What you have to do
Go through the material below and tally every line with the string "limit". Reply with the number only.

Data under study
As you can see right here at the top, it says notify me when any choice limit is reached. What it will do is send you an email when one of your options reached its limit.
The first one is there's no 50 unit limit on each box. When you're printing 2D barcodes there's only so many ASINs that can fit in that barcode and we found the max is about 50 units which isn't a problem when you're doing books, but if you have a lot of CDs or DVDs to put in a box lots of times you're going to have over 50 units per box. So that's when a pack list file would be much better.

...

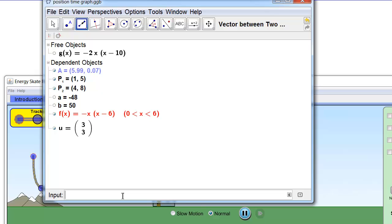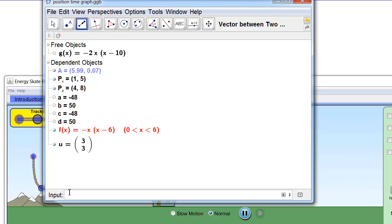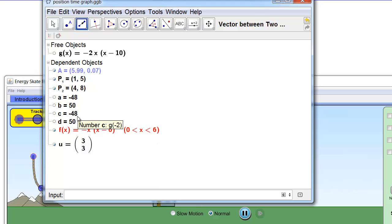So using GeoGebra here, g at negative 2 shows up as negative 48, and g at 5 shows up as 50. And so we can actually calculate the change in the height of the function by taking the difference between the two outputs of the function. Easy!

--

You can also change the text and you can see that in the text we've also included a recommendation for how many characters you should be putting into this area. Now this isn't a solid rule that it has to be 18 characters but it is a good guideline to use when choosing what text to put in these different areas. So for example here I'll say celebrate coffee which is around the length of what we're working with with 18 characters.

Answer space
2